In a time where everyone has something terrible to say about the Transportation Security Administration (TSA), I am usually the “black sheep” who will stand up and defend this government organization.  Perhaps I am slightly biased because one of my best friends works for them or perhaps I am simply naive in thinking TSA's presence at airports DOES act as a deterrent to further acts of terrorism on planes.  Regardless, although this is not a TSA-bashing article (as so many are), I will say TSA is an organization comprised of imperfect human beings and because of this, someone at TSA messed up earlier this year while I was traveling.  The end result of this error was that my personal property was damaged.

When I first discovered my property was damaged, I knew immediately the culprit could be none other than someone from TSA.  In the following step-by-step guide, I will lay out the process for making a claim against TSA.  In my case, justice was served.  After a lot of patience, I was granted the full amount needed to replace the damaged item and I am completely satisfied with the end result.
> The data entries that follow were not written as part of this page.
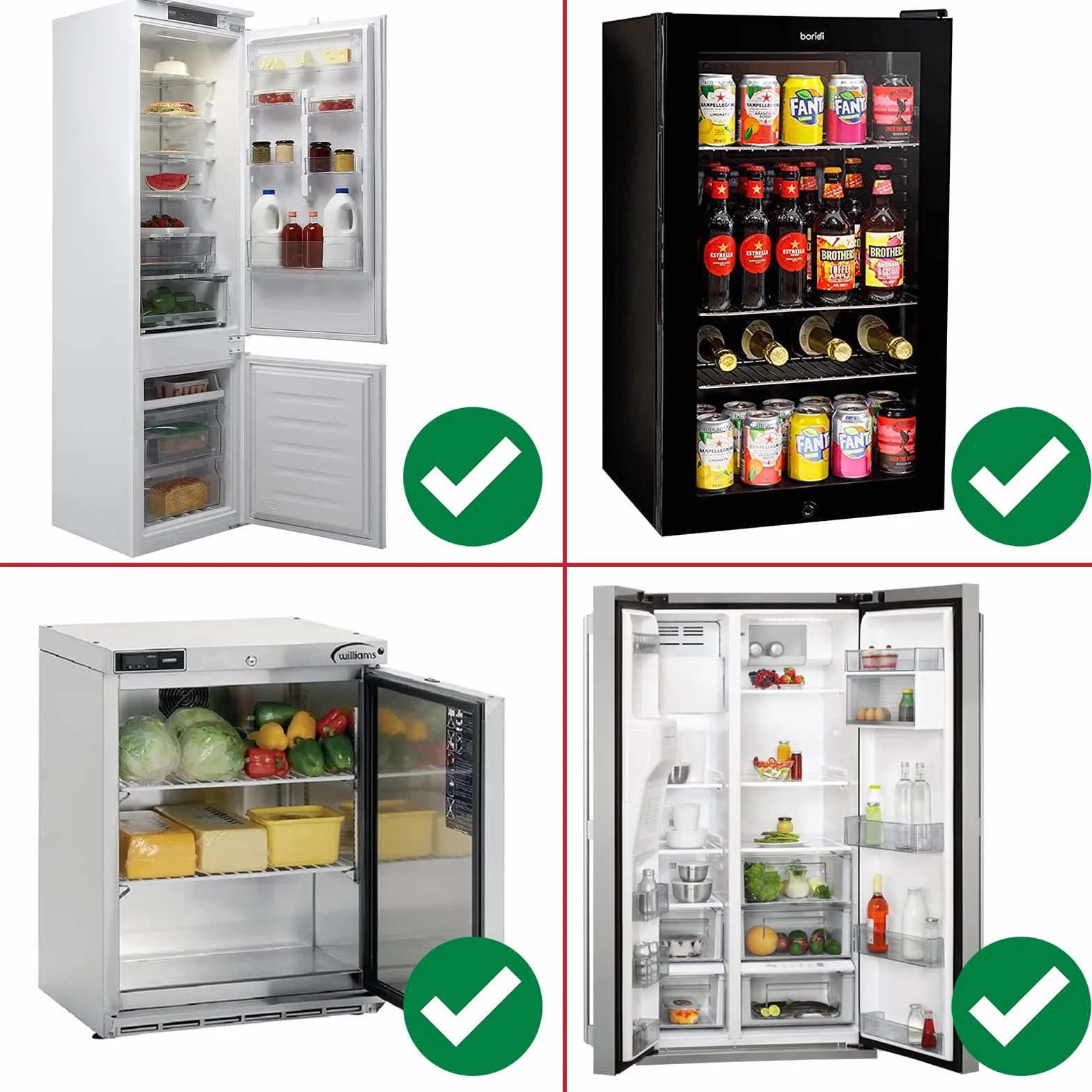 SPARES2GO Universales Ajustables Extensibles Refrigerador Congelador Estantes (Paquete de 2, Recubiertos de Plástico Blanco)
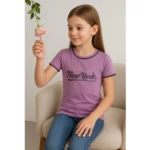 Generic Girl's Cotton Printeded Round Neck T-Shirt (Lavander) - Image 3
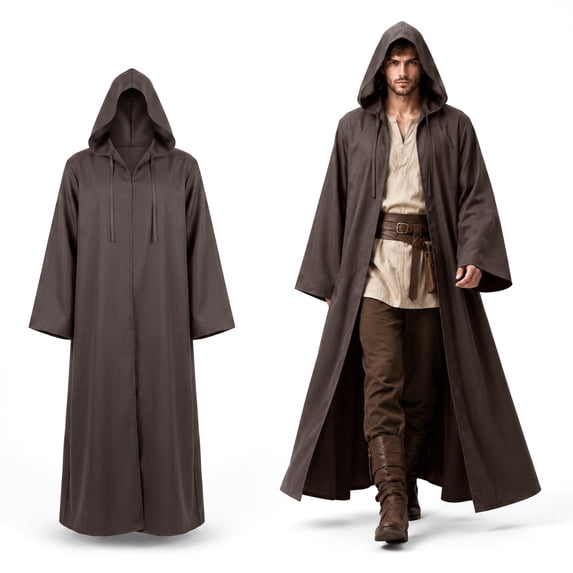 Halloween Hooded Robe Cloak, Men's Brown Tunic Cosplay Costume, Medieval Themed Jedi Knight Cape for Adults - Size S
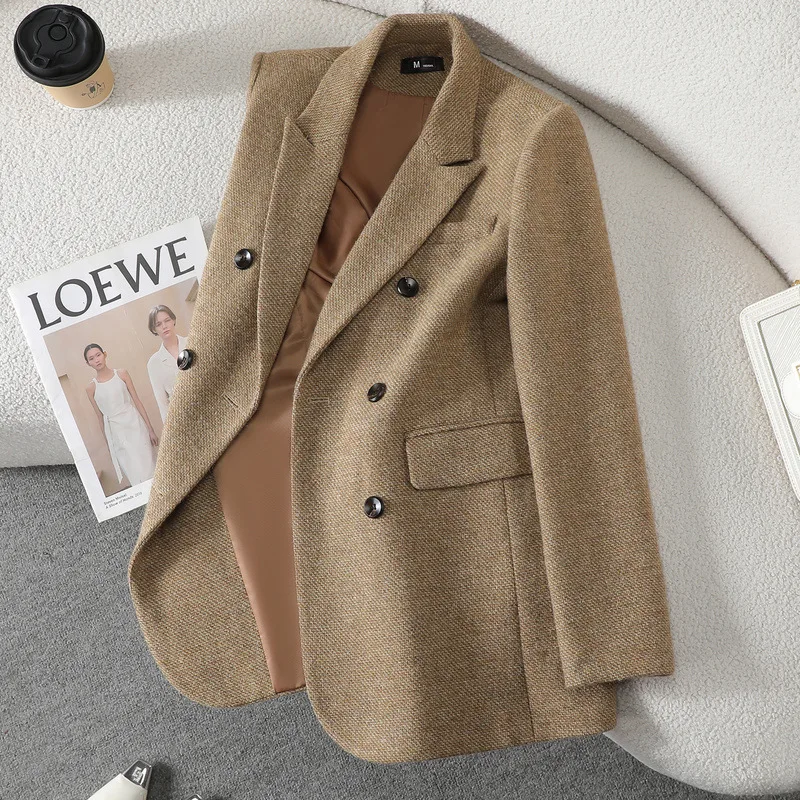 High-Quality Wool Blazer Women New Autumn Winter Double-Breasted Long Sleeve Blazer Coat Female Tops Ladies Formal Suit Jacket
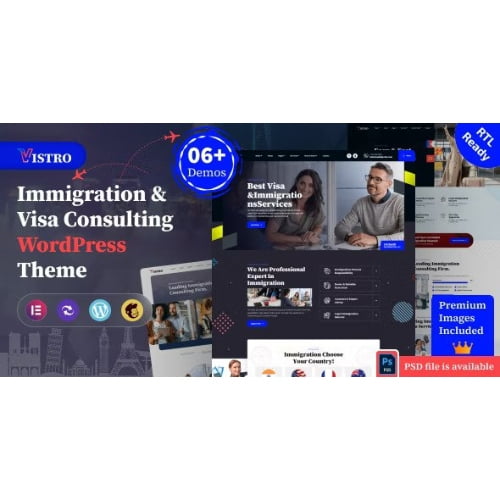 Vistro Immigration Visa Consulting WordPress Theme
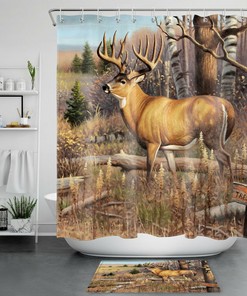 Autumn Forest Deer Shower Curtain With Wild Elk Animals Bathroom Accessory, Perfect For Rustic And Cozy Bathroom Decor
No one is perfect and I’m a forgiving person.  At the same time, when the government screws up, it’s nice to know they will at least reimburse you for the damages.

Safe flying!
Jenn Grahams

Step 1: Determine the Appropriate Action

Your stuff was damaged during transit within the United States and you are rightfully upset about it, but who should you blame? 

A few questions you should ask yourself are:

  • Did the damage to your property happen within your sight? 
  • Is it possible the damage occurred during the packing process or while you were traveling to or from the airport? 
  • Was the property within a checked bag and perhaps the fault of an airline, not TSA?

For the purposes of this Step-By-Step guide, I will be discussing damage rendered to checked baggageIn most cases, lost or damaged baggage will be the fault of the airline on which you were traveling.  For these claims, it is important to contact the airline directly via their website or Customer Service phone number to begin the claim process with them.

CAUTION!
You should only file a claim against TSA (instead of the airline) if you have a strong reason and supporting evidence to support your claim.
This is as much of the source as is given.